Floods, hurricanes, and earthquakes have repeatedly spelled disaster for Haiti, taking their toll on the island’s infrastructure to the extent only one in three households are connected to the grid. In rural areas the figure falls to 5%.
The government of Haiti and the World Bank have launched a $17 million Off-Grid Electricity Fund to increase energy access for Haitians. The plan is that, over 10 years, more than 200,000 households will get electricity as a result of the fund’s investments.
The fund will be supplemented over time, said Bamboo Capital Partners, which will manage the facility.

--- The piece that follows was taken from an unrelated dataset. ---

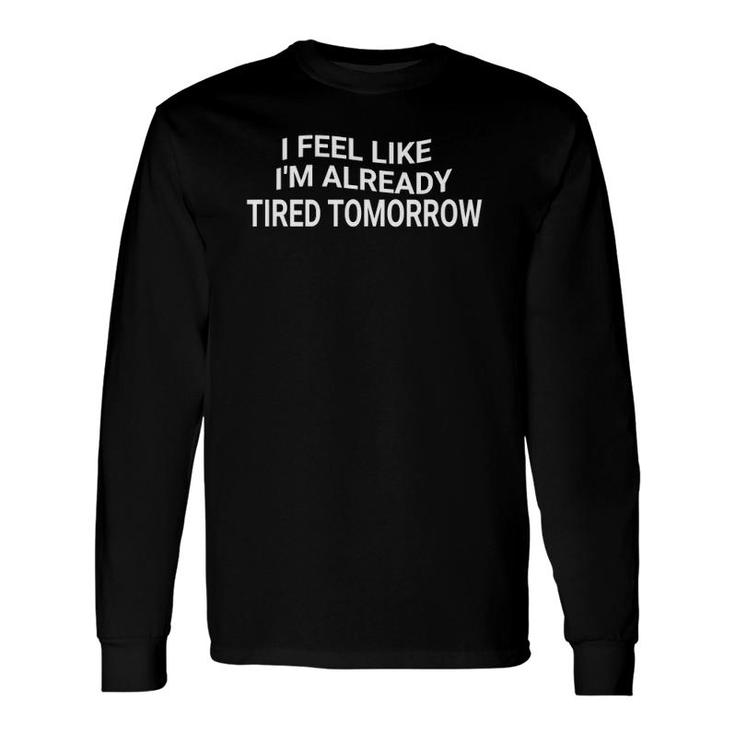 Sarcastic I Feel Like I'm Already Tired Tomorrow Long Sleeve T-Shirt T-Shirt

Funding for the financial instrument comes from the global Clean Technology Fund (CTF) and the Scaling up Renewable Energy Program (SREP), hinting electricity access will be attained to a significant degree through PV and other renewable energy sources.
“Access to clean and modern energy [for] all Haitians, particularly those living in a remote area with no experience of electricity, is one of the main objectives of the government,” said Nicolas Allien, SREP and CTF project coordinator at the energy department of the Ministry of Public Works, Transportation and Communications of Haiti. “The government also understands that access to sustainable financing is a major constraint to privately led initiatives aiming at contributing to achieving this objective.”
Bamboo Capital Partners said it has been mandated to invest either debt or equity in companies that provide renewable off-grid energy access solutions ranging from mini-grids to pay-as-you-go solar products.
“Energy access is one of the most significant challenges facing the world today, with 1.1 billion people still without access to a reliable energy source,” said Jean-Philippe de Schrevel, founder and managing partner of Bamboo. “This issue is particularly acute in Haiti, where the majority of the population still does not have access to electricity. The OGEF [Off-Grid Electricity Fund] was launched to solve this problem by investing in companies that can provide Haitian households with clean, reliable and decentralized sources of energy and leapfrog the need for costly infrastructure in the process.”